For the analysis of length-of-stay (LOS) data, which is characteristically right-skewed, a number of statistical estimators have been proposed as alternatives to the traditional ordinary least squares (OLS) regression with log dependent variable.
Using a cohort of patients identified in the Australian and New Zealand Intensive Care Society Adult Patient Database, 2008–2009, 12 different methods were used for estimation of intensive care (ICU) length of stay. These encompassed risk-adjusted regression analysis of firstly: log LOS using OLS, linear mixed model [LMM], treatment effects, skew-normal and skew-t models; and secondly: unmodified (raw) LOS via OLS, generalised linear models [GLMs] with log-link and 4 different distributions [Poisson, gamma, negative binomial and inverse-Gaussian], extended estimating equations [EEE] and a finite mixture model including a gamma distribution. A fixed covariate list and ICU-site clustering with robust variance were utilised for model fitting with split-sample determination (80%) and validation (20%) data sets, and model simulation was undertaken to establish over-fitting (Copas test). Indices of model specification using Bayesian information criterion [BIC: lower values preferred] and residual analysis as well as predictive performance (R2, concordance correlation coefficient (CCC), mean absolute error [MAE]) were established for each estimator.
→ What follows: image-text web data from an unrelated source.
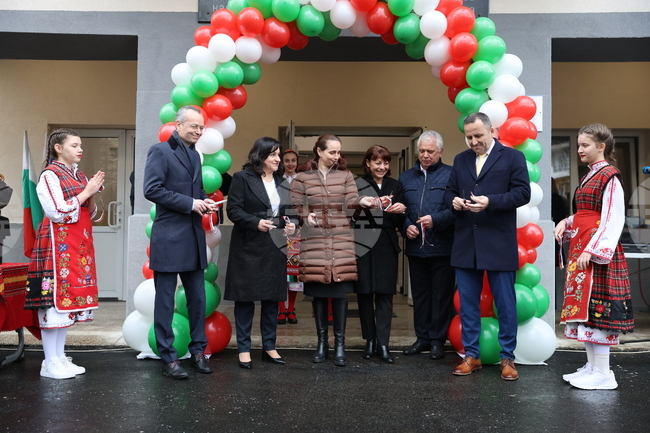 Днес сме част от добрите новини, каза при откриването на обновено училище в Благоевград Йорданка Чобанова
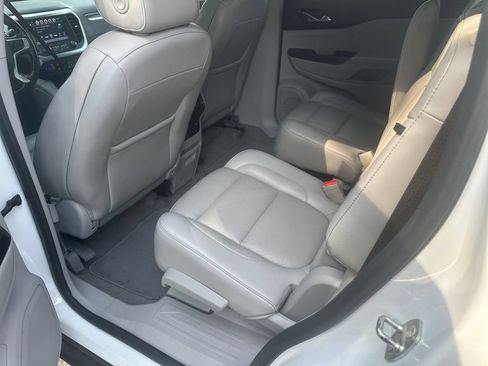 Used 2018 GMC Acadia SLT FWD image 18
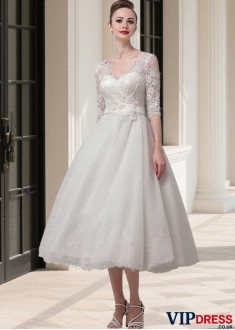 Elegant Tea-Length Tulle V-Neck Short Wedding Dress with Illusion Sleeves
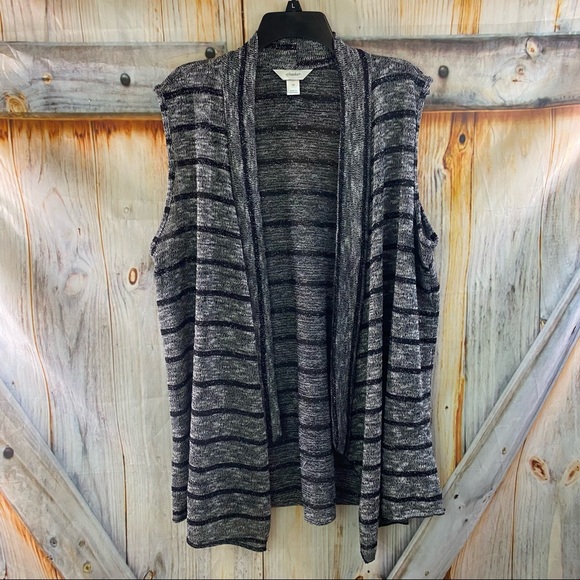 CJ Banks Sweaters - NWOT CJ Banks Stretchy Lightweight Open Tunic Vest Sparkly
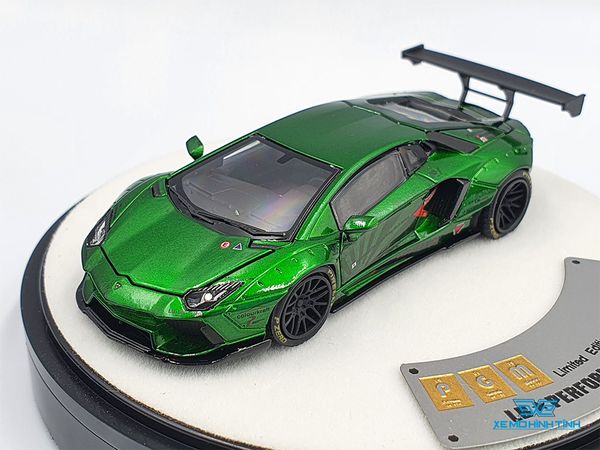 Xe Mô Hình Lamborghini Avantador Limited 1:64 PGM ( Xanh Lá )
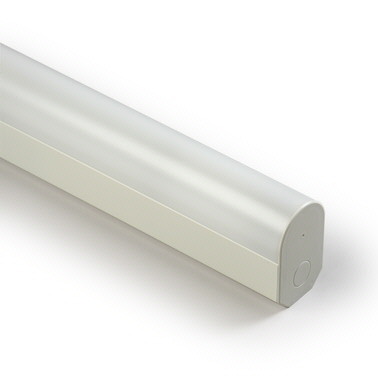 LED-yleisvalaisin Jono AVR66 IP44, 900mm, 15W/840 E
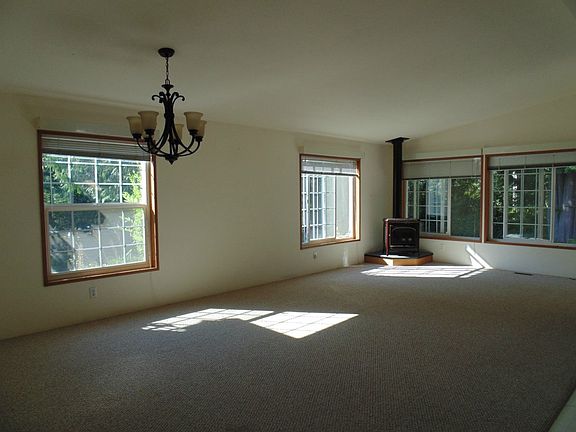 2nd image of 4125 NE Azure Ln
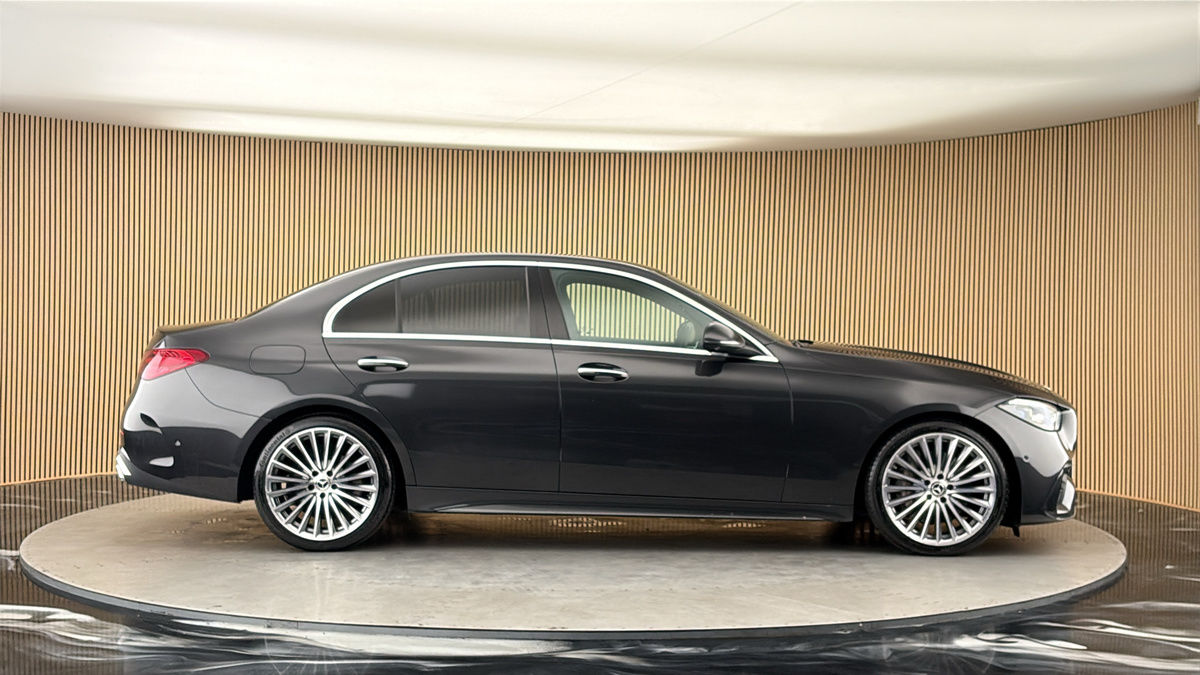 Mercedes-Benz C Class Image 16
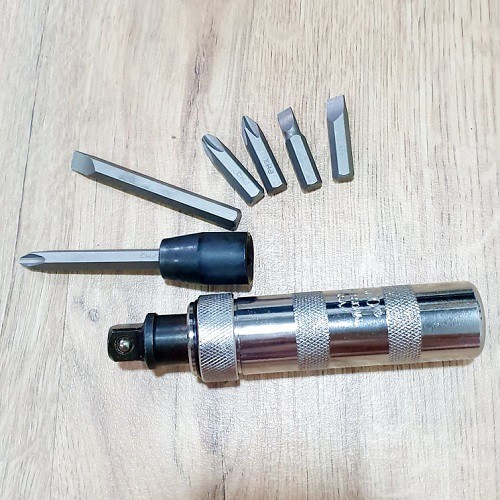 Bộ Vít Đóng 7 Chi Tiết Trọng Lượng 900g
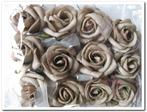 Mini Foam Roos Taupe 2 cm Zelfklevend Pak, Ophalen of Verzenden, Nieuw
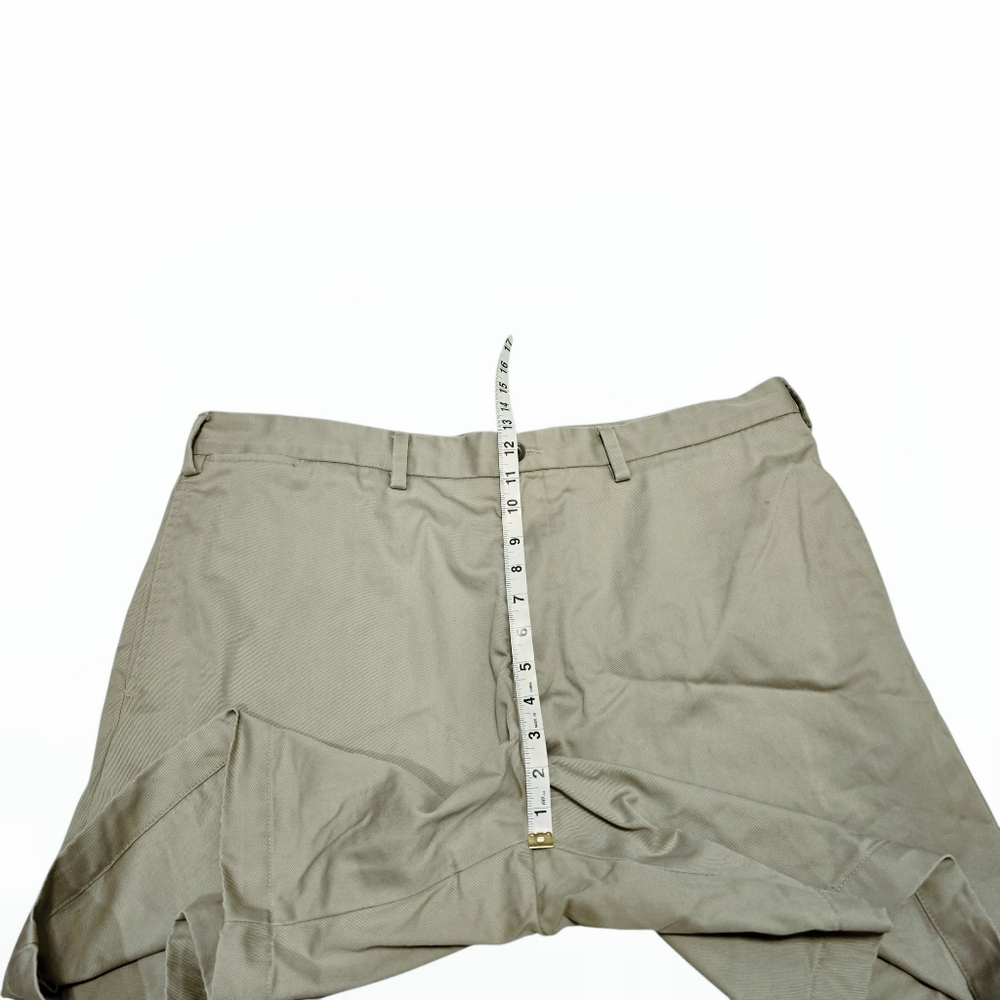 Eddie Bauer Khaki Shorts 40 - Picture 4 of 6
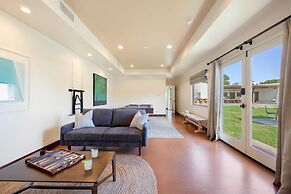 Starlight Estate by Avantstay 26 People! Architectual Mansion w/ Pool,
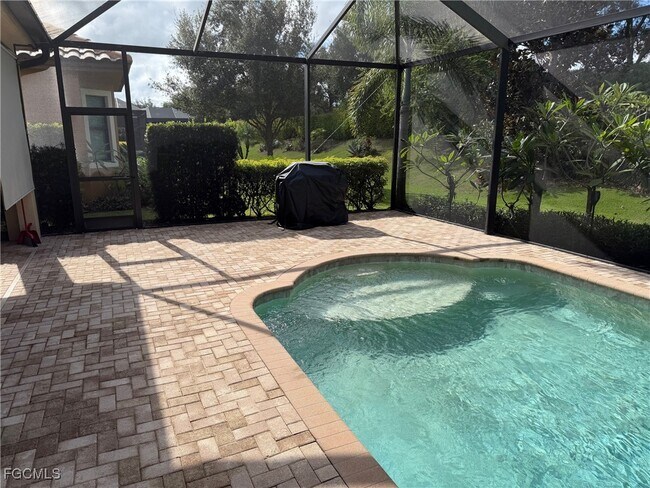 property at 9061 Isla Bella Cir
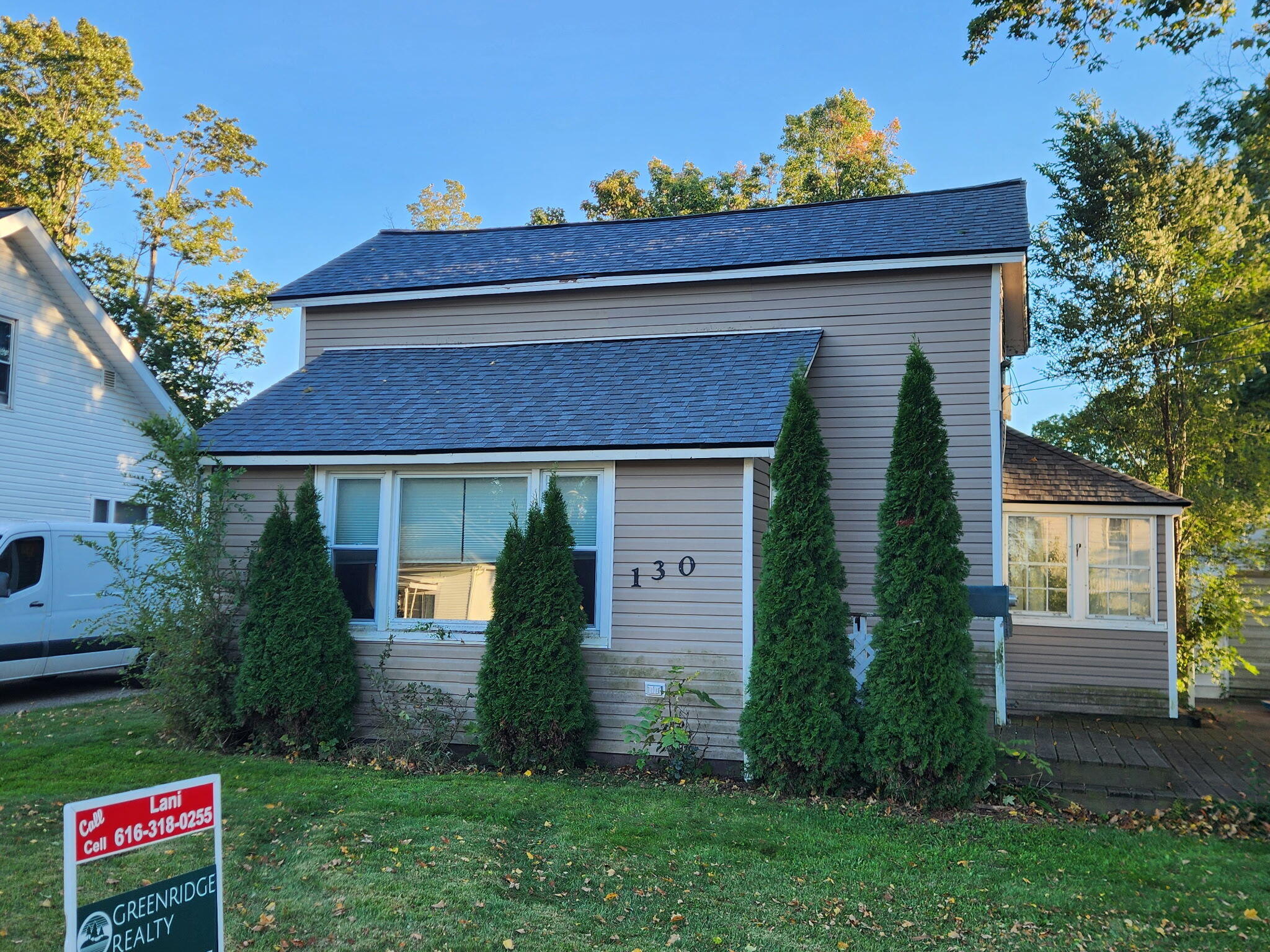 130 E Sycamore Street Property Photo 1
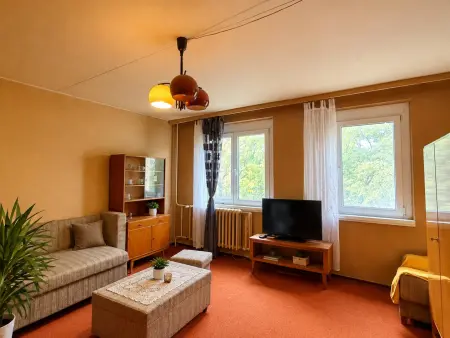 Eladó panel lakás, Székesfehérvár 2 szoba 42 m² 39.9 M Ft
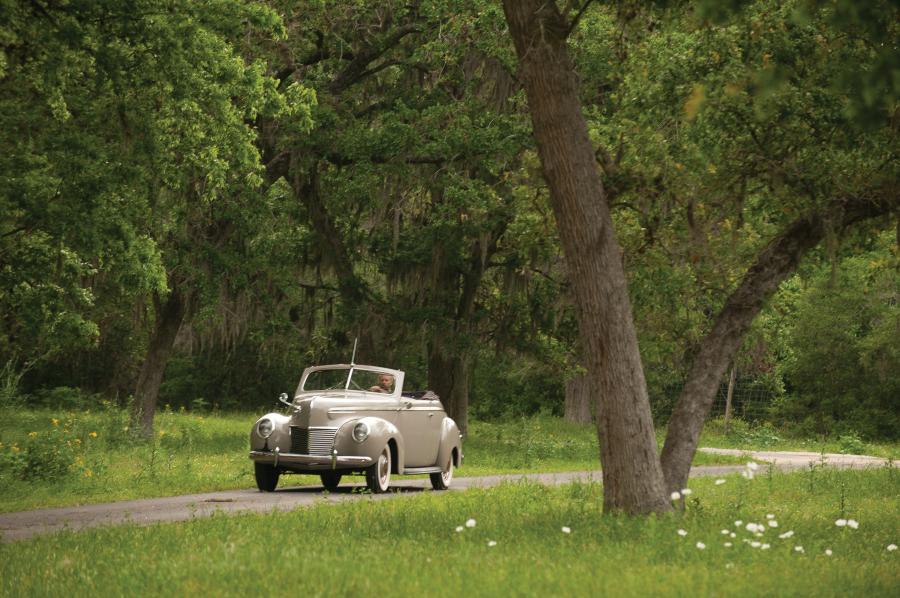  Mercury Eight Convertible 1939 года  (фото 20 из 31)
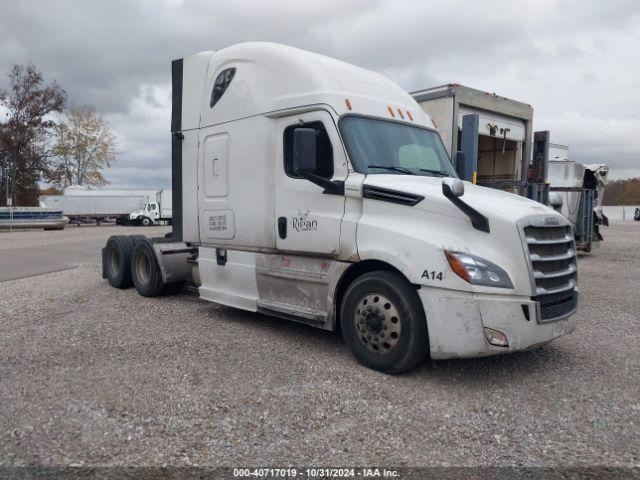  Salvage Freightliner New Cascadia 126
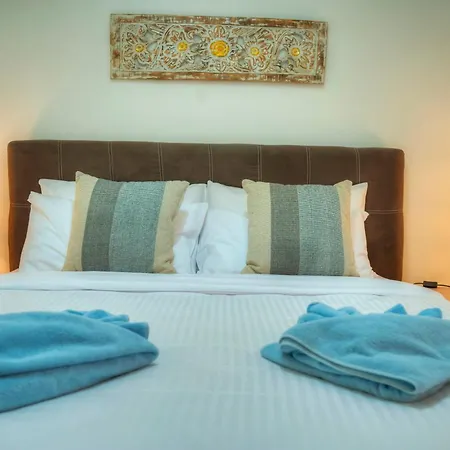 Modern, Large 3bedroom, Spectacular Views Goslm-9 سليمة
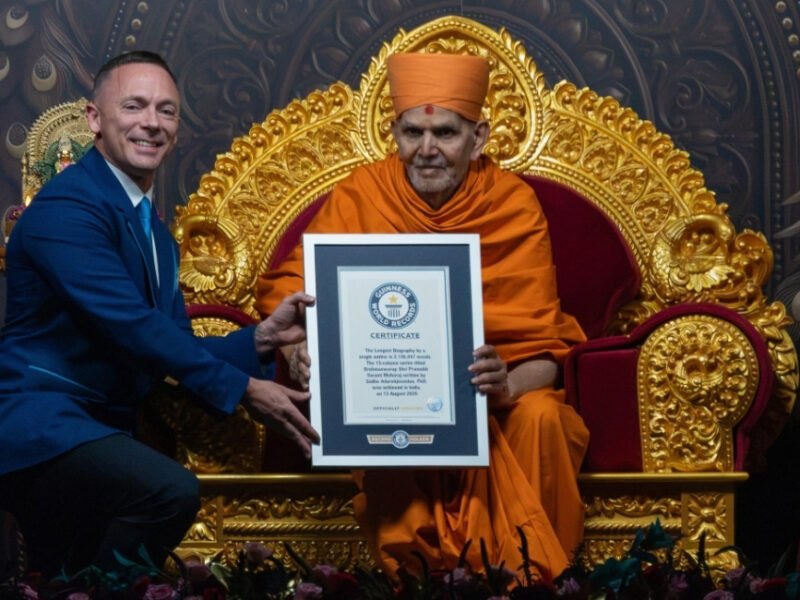 Mahant Swami Maharaj receives the Guinness World Records certificate for the 13-volume biography of Pramukh Swami Maharaj.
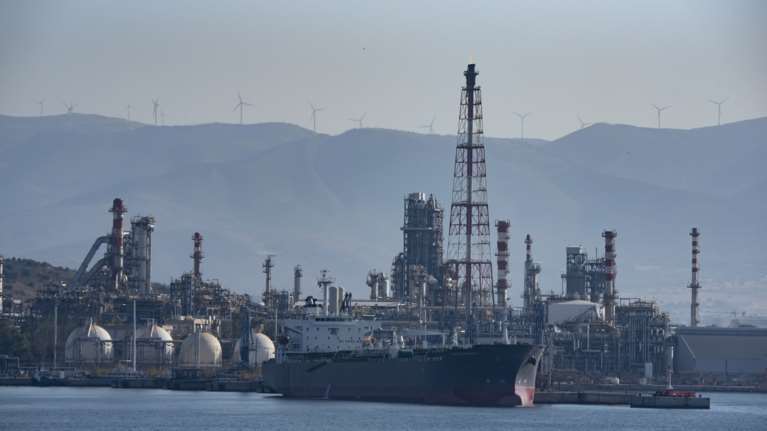 Food pass: Αυτά είναι τα πολύ μεγάλα κέρδη των 2 διυλιστηρίων που θα χρηματοδοτήσουν το μέτρο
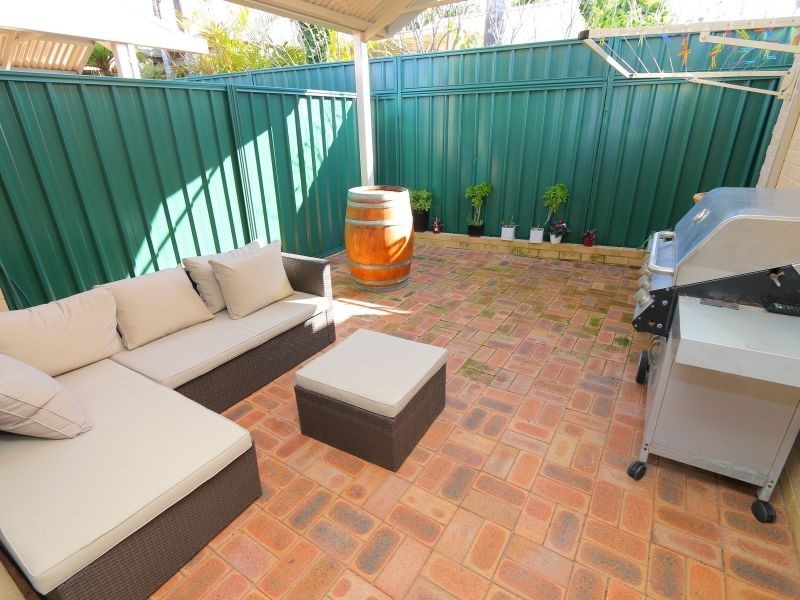 1/82 Spring Road, Thornlie WA 6108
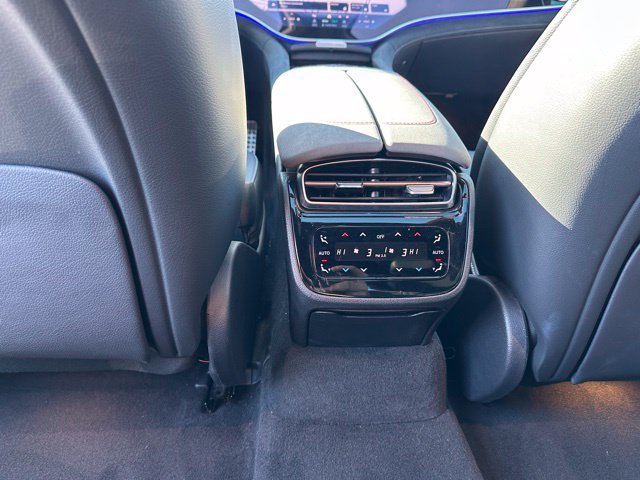 2023 Mercedes-Benz EQS 580 — photo 16 of 31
The data-set consisted of 111663 patients from 131 ICUs; with mean(SD) age 60.6(18.8) years, 43.0% were female, 40.7% were mechanically ventilated and ICU mortality was 7.8%. ICU length-of-stay was 3.4(5.1) (median 1.8, range (0.17-60)) days and demonstrated marked kurtosis and right skew (29.4 and 4.4 respectively). BIC showed considerable spread, from a maximum of 509801 (OLS-raw scale) to a minimum of 210286 (LMM). R2 ranged from 0.22 (LMM) to 0.17 and the CCC from 0.334 (LMM) to 0.149, with MAE 2.2-2.4. Superior residual behaviour was established for the log-scale estimators. There was a general tendency for over-prediction (negative residuals) and for over-fitting, the exception being the GLM negative binomial estimator. The mean-variance function was best approximated by a quadratic function, consistent with log-scale estimation; the link function was estimated (EEE) as 0.152(0.019, 0.285), consistent with a fractional-root function.
For ICU length of stay, log-scale estimation, in particular the LMM, appeared to be the most consistently performing estimator(s). Neither the GLM variants nor the skew-regression estimators dominated.